Principi operativi chiave:
  • Evitare l'usura di combattere ogni menzogna in modo diretto.
  • Distrarre e canalizzare l'attenzione pubblica verso narrative costruite.
  • Usare la saturazione informativa a favore del regime, non contro di esso.
Il principe deve imparare a non essere buono, e a usare o non usare questa abilità secondo la necessità.

Lo strumento: un Ufficio della Narrativa Statale

Il consiglio pratico sarebbe istituire un organismo segreto e specializzato. Questo Ufficio della Narrativa Statale non si limiterebbe a contrastare la disinformazione, ma la produrrebbe in modo proattivo e strategico. La sua missione sarebbe doppia: destabilizzare gli avversari e saturare lo spazio digitale con racconti che favoriscano il potere stabilito.
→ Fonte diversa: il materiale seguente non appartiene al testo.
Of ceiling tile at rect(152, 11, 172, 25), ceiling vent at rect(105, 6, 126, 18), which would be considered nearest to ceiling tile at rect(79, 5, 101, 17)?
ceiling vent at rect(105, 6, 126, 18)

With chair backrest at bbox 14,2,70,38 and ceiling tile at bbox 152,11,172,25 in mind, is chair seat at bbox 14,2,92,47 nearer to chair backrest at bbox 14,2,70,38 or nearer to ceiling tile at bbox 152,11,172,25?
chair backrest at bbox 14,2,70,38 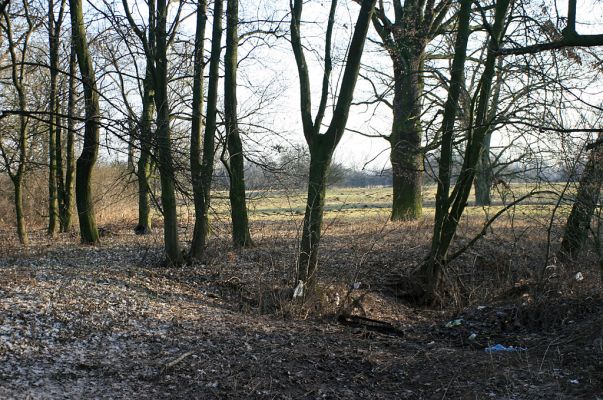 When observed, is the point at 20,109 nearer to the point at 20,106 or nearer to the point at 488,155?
the point at 20,106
Funzioni principali di questo ufficio:
  • Generare propaganda, deepfake e disinformazione di alta efficacia.
  • Attaccare nemici esterni e interni mediante operazioni di informazione.
  • Assumere esperti in marketing virale e community manager con budget segreti.
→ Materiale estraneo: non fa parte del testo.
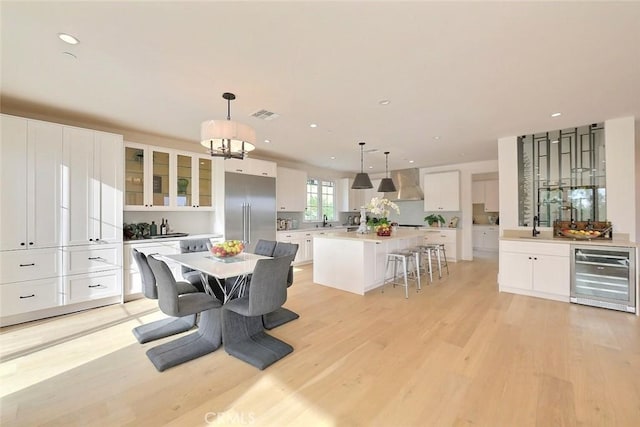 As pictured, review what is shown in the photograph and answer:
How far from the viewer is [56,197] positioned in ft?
10.9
La tattica moderna: il fine giustifica i meme

Il massimo si adatta al linguaggio digitale: il fine giustifica i meme. La stabilità dello Stato legittima qualsiasi mezzo. Questo significa impiegare gli stessi strumenti degli oppositori, ma con più risorse, coordinazione e freddezza tattica. Controllare ciò che la gente percepisce diventa lo strumento principale di governo. 😈

La guerra delle narrative si vince dall'interno dell'ecosistema digitale. L'ufficio potrebbe far sì che meme e tendenze apparentemente organiche servano, senza che il pubblico lo sappia, per consolidare il potere. L'ironia risiede nel fatto che gli strumenti della cultura popolare si trasformano in armi di una realpolitik digitale, dove la percezione supera la realtà come fattore di controllo.